─── GIVEN DATA

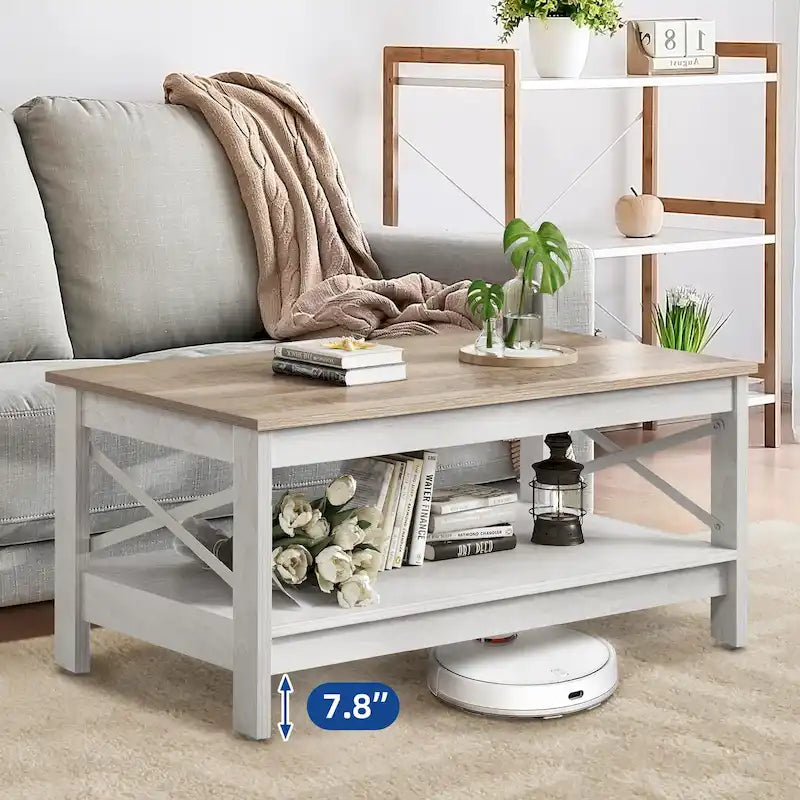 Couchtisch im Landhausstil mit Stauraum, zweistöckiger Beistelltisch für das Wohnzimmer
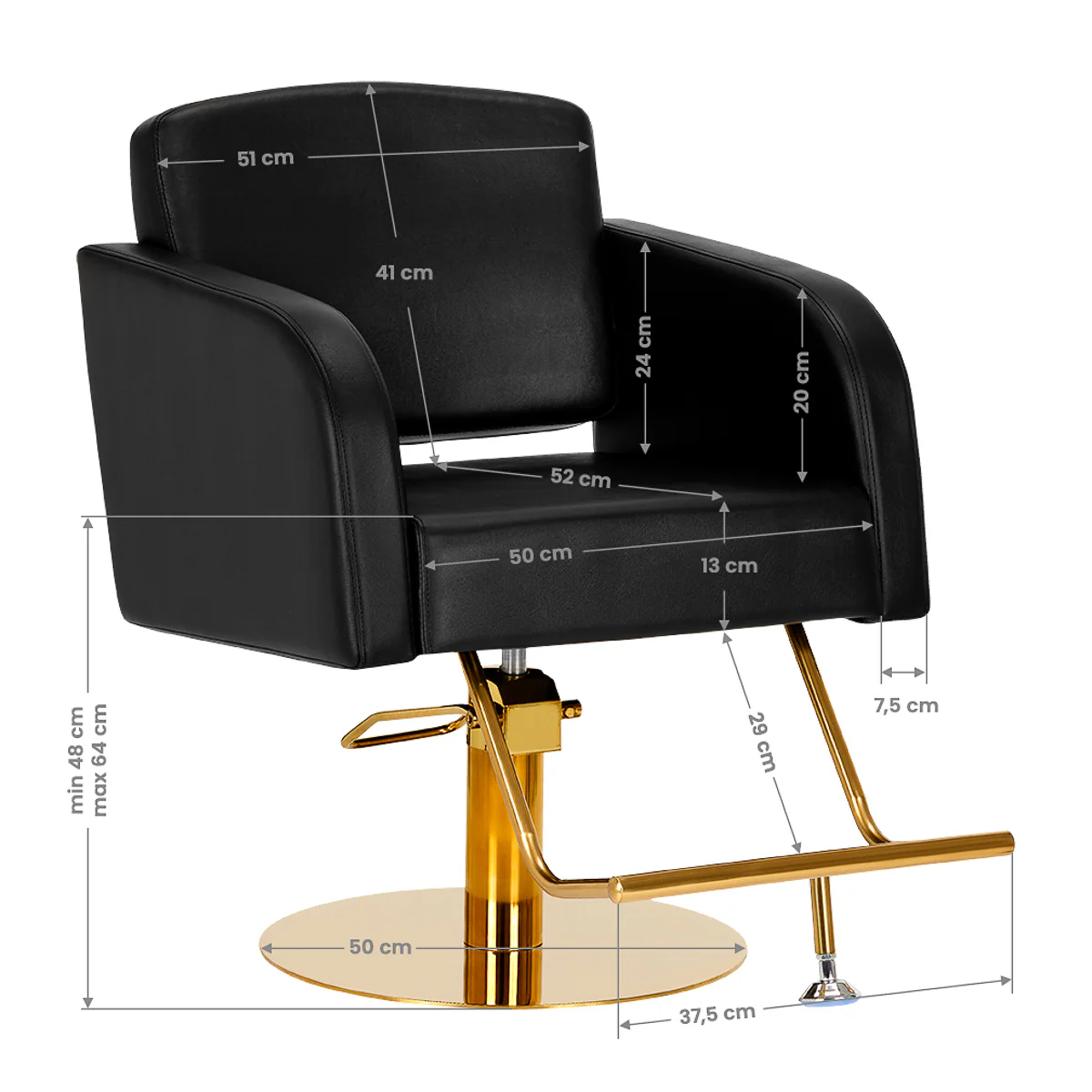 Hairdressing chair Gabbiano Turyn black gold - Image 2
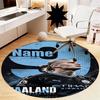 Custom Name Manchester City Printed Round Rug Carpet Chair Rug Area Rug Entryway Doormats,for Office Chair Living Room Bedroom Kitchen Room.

──────
─── GIVEN DATA

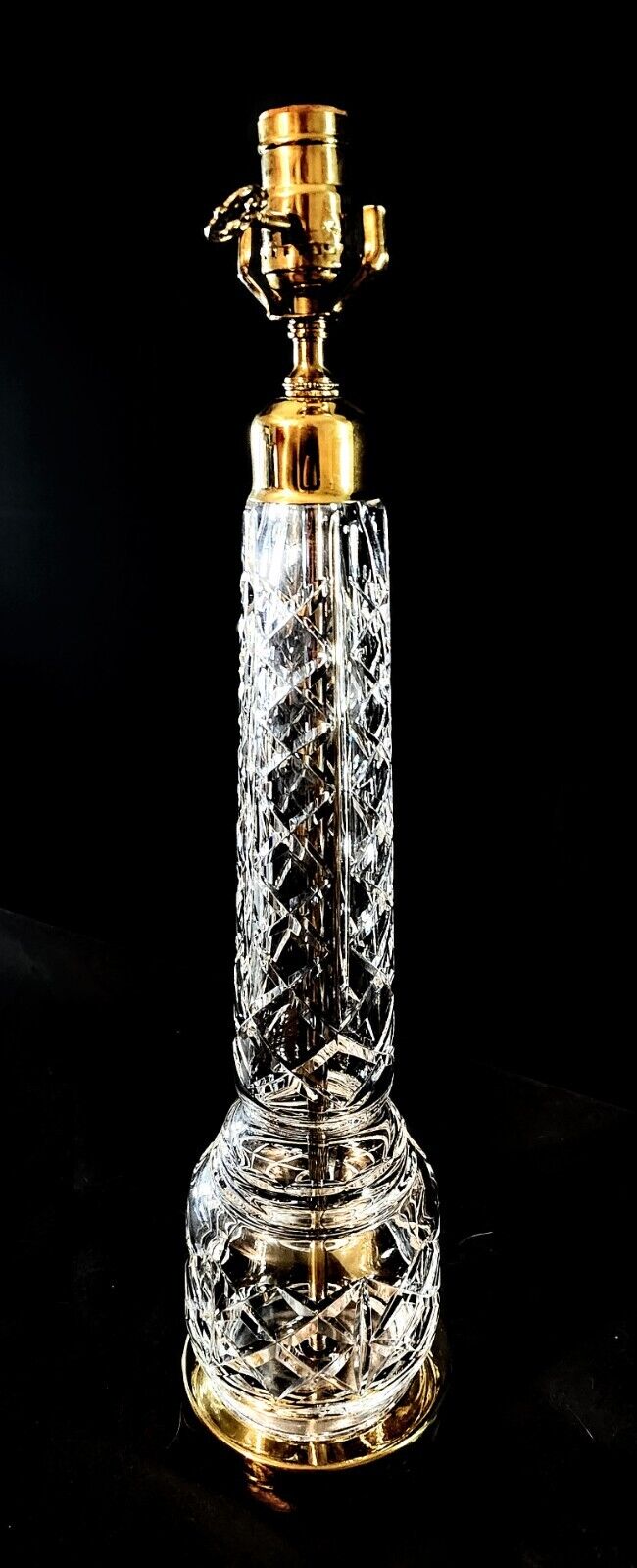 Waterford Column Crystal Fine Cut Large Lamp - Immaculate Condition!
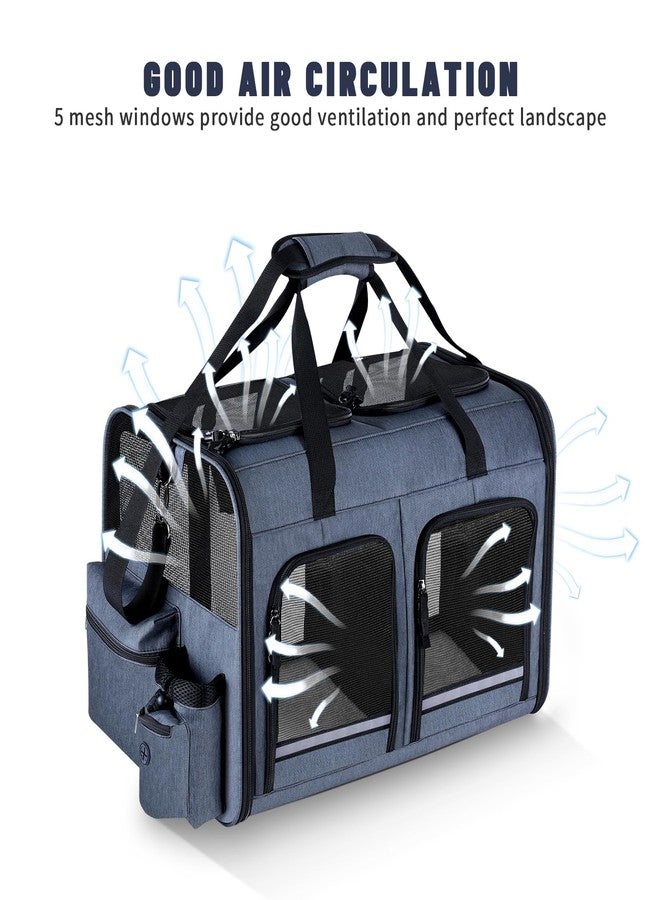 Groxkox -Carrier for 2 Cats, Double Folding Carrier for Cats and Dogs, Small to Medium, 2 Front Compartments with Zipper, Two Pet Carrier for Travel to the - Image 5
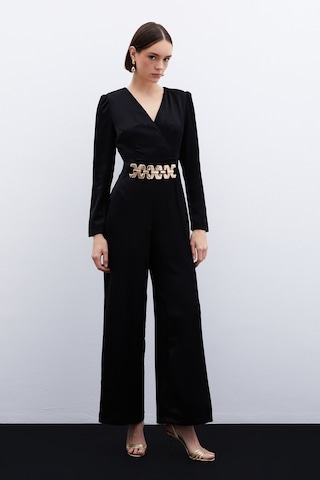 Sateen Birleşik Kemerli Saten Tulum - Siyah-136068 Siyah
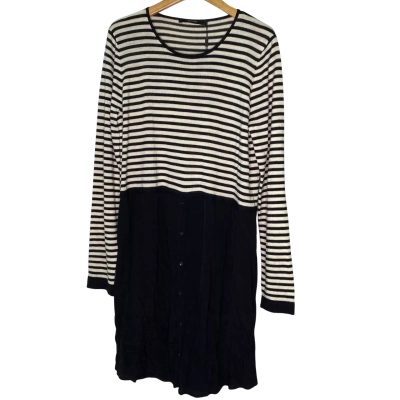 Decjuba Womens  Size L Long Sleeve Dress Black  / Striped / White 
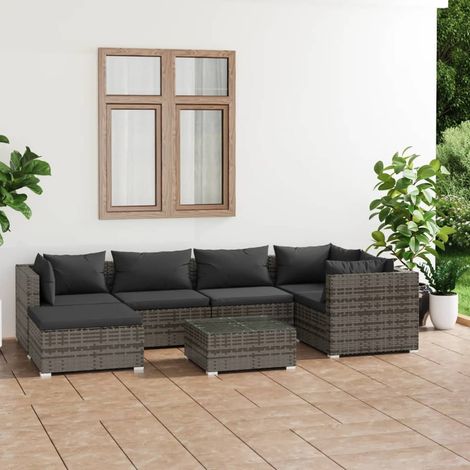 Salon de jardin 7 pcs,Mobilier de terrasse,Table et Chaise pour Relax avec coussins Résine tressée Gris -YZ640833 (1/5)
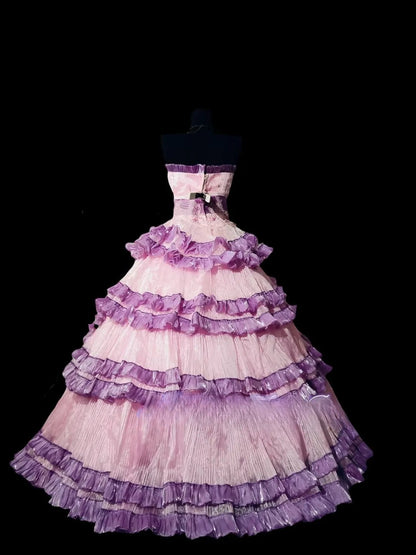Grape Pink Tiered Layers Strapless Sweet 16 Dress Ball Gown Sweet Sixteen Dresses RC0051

──────

EXERCISE DESCRIPTION: With the pictures omitted, copy the entries above exactly from the line containing "Waterford Column Crystal" through the line containing "Grape Pink Tiered", both lines included.

ANSWER FOR THE TASK:
 Waterford Column Crystal Fine Cut Large Lamp - Immaculate Condition!
 Groxkox -Carrier for 2 Cats, Double Folding Carrier for Cats and Dogs, Small to Medium, 2 Front Compartments with Zipper, Two Pet Carrier for Travel to the - Image 5
 Sateen Birleşik Kemerli Saten Tulum - Siyah-136068 Siyah
 Decjuba Womens  Size L Long Sleeve Dress Black  / Striped / White 
 Salon de jardin 7 pcs,Mobilier de terrasse,Table et Chaise pour Relax avec coussins Résine tressée Gris -YZ640833 (1/5)
Grape Pink Tiered Layers Strapless Sweet 16 Dress Ball Gown Sweet Sixteen Dresses RC0051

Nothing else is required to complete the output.